Lindhall did a double take when he saw what was outside. Through the crystalline barrier he could see Daine talking to Weiryn. "Oh my," he said. "That doesn't look safe."
"I told her to stay home," Numair said heatedly. "She can't be running around in places like that!"
"Why ever not?" Lindhall asked. "She's old enough to take care of herself. And she is with her parents."
"Because she's pregnant!" Numair said, feeling exasperated.
"So?" Lindhall asked. "Would you lock her away in a sterile room until the baby is born?"
"If I could," Numair said, "yes."
Lindhall chuckled. "Well, I can see you're going to be a force to be reckoned with where this child is concerned. But perhaps we don't need to take any action now that she is there. Let's watch and see." That said, he pulled a chair up to the window and proceeded to watch the scene in front of him as if it were a play on stage, not a world-threatening situation.
Numair paced the room.
She found the raccoon in a cozy little den in the woods surrounded by all the shiny little things he had picked up over the seasons. Thimbles, pins, bits of glass and broken china. And in one corner, a dagger with an ornate handle. Scowling, Daine shook the raccoon awake.

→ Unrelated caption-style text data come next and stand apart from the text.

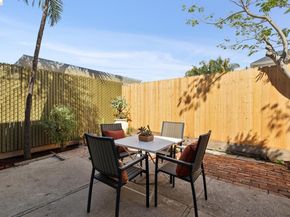 3710 West St, Oakland CA 94608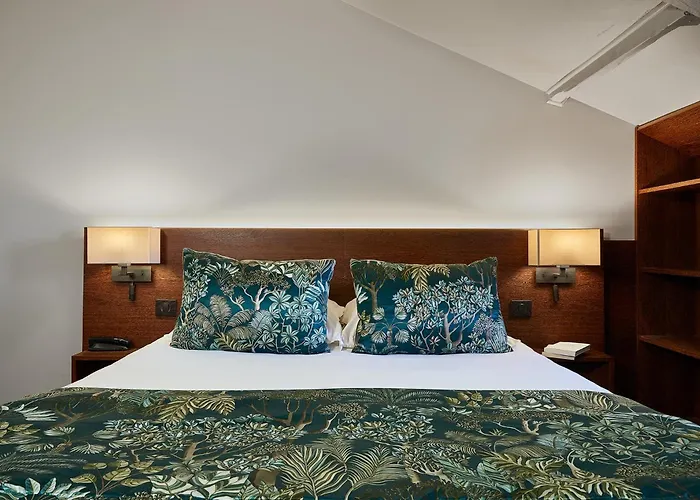 La Renaissance Hotel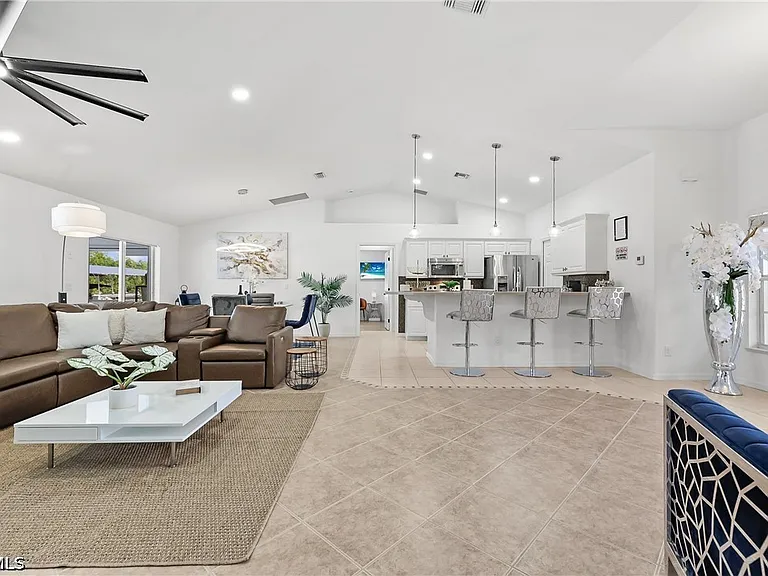 1801 Everest Pkwy — Photo 24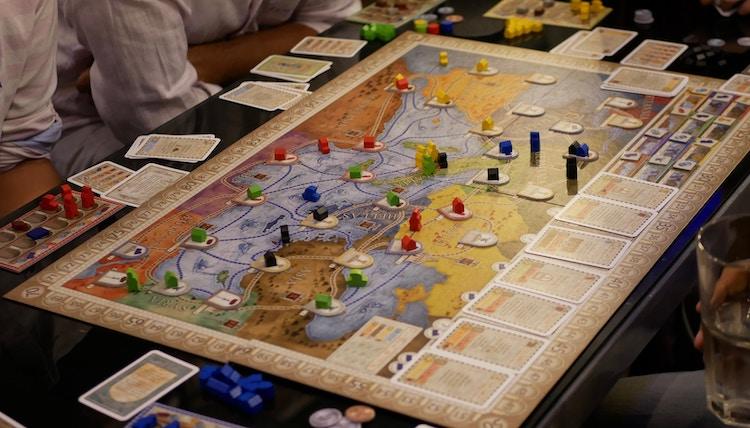 zicht op bordspel met verschillende spelers
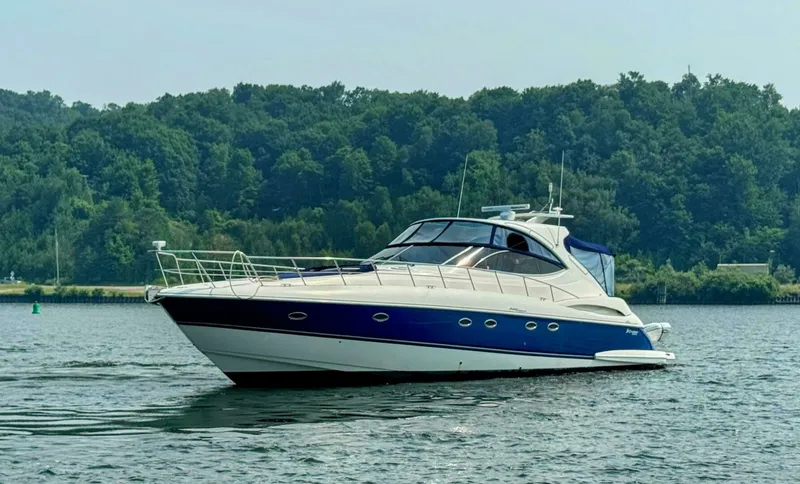 Slide: The Image of Cruisers 540 Express 2005 - 7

He yawned at looked at her. "Is it spring already? I feel like I just went to sleep a few days ago."
"You did," Daine said. "Where did you get that dagger?"
The raccoon looked at the knife. "That? Oh I found it in a log somewhere. Why? Did it belong to somebody? Oh I'm always getting into trouble because I take things that belong to people."

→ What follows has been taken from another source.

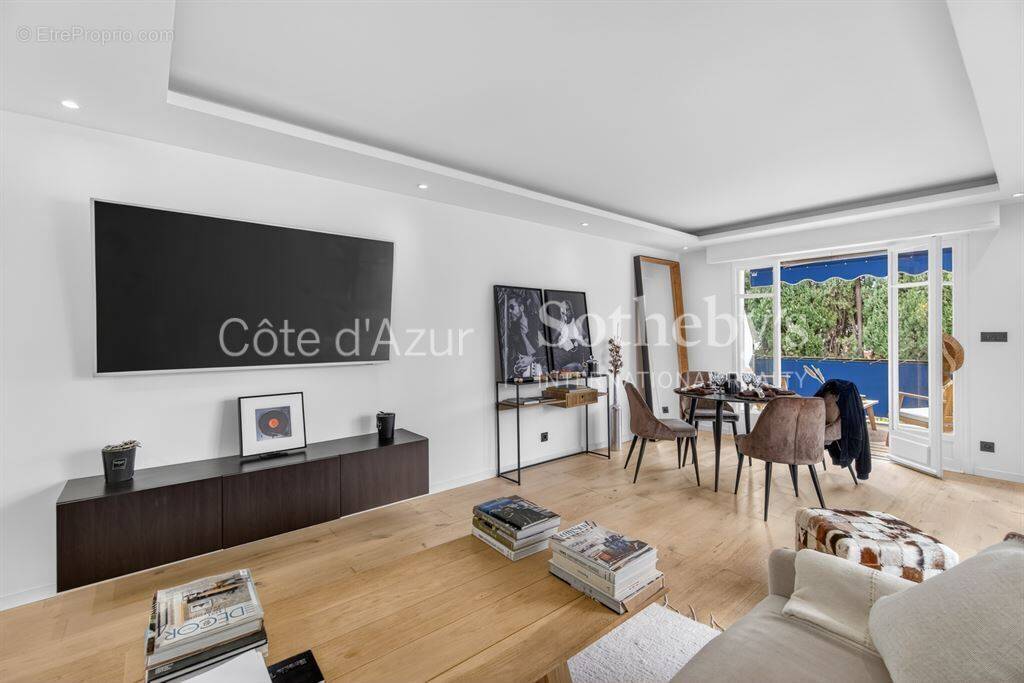 Appartement à LE CANNET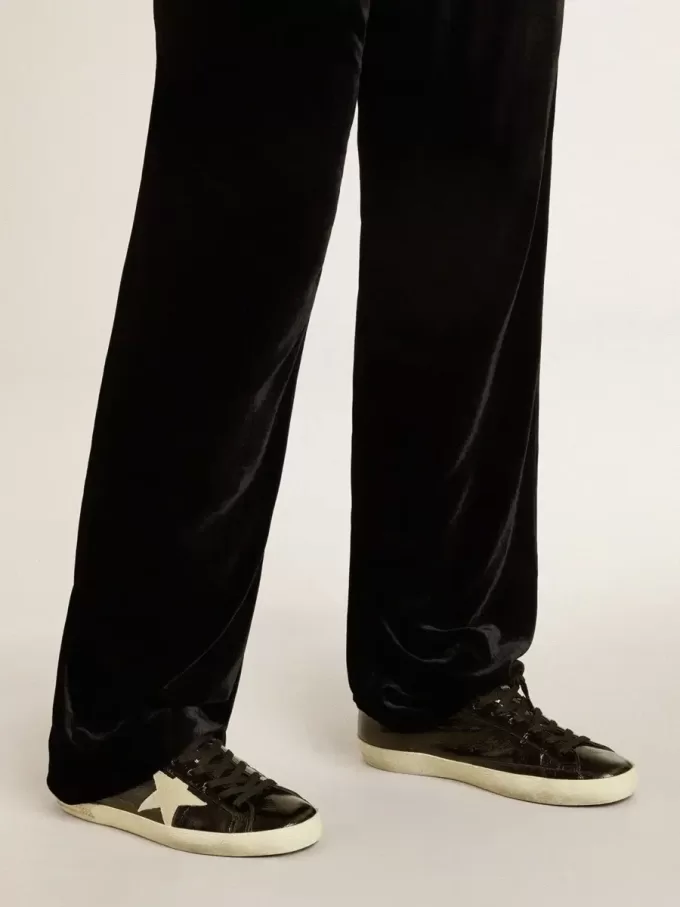 Super-Star LTD para hombre en charol negro con estrella y lengüeta en el talón de ante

"Well you've stirred up a fine wasp's nest this time," Daine told him. "There's quite an argument going on about who took that thing. You better come fix it."
"What kind of argument?"
"The kind with violence and outrage. It's messing things up in the mortal realms too. Now come on." She picked him up, the knife in his mouth, and carried him to her father.

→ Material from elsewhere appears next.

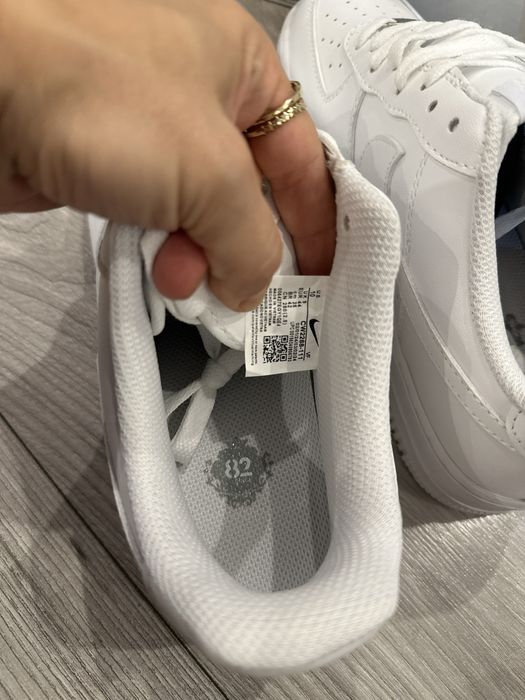 Nike Air Force 1 ‘07 44 noi cu eticheta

"There you are, coon," Weiryn said when he saw them.
"Here's your thief," Daine said, plunking the animal down on a tree stump. "He didn't know it belonged to anyone. Raccoons take things that look pretty, and the hilt on that dagger fair sparkles in the sun. It was all quite a misunderstanding, and I demand you fix this right now, Da!"
Looking determined, Weiryn strode to the center of the fighting and spoke a word in Old Thak. There was a huge boom of thunder and a bolt of lighting came down to strike the ground in front of the god of the hunt. When it had dies down, the place was strangely silent. Without a word, Weiryn threw the dagger down so it was sanding up in the ground. Everyone gathered around to see it as if they never had before.
"What happened?" someone asked.
"Where did it come from?" asked another.
"You found it?"
"It was never lost," Weiryn said. As if that explained everything, he picked up the dagger, sheathed it, and began walking home again.
"Kit, your father makes no sense," the badger told Daine.
"I know," Daine said with a smile. "But I wouldn't have it any other way. Can I go home now, Ma?"
Sarra smiled and snapped her fingers again. How come I could never do that? Daine wondered as she felt herself drawn back to her apartment in Corus.
She'd barely been home half a second, when Numair came bursting through the door and swept her into his arms. "Don't ever do that again. Ever," he said into her hair.
"Nice to see you too," Daine muttered, her voice muffled by his shirt.
"I don't think I'll be able to handle being a father," Numair said, loosening his grip.
"You can do it," Daine said. "Think of it as an adventure."
"What was this?" Numair asked, gesturing outside.
She considered a moment before saying, "That was just life."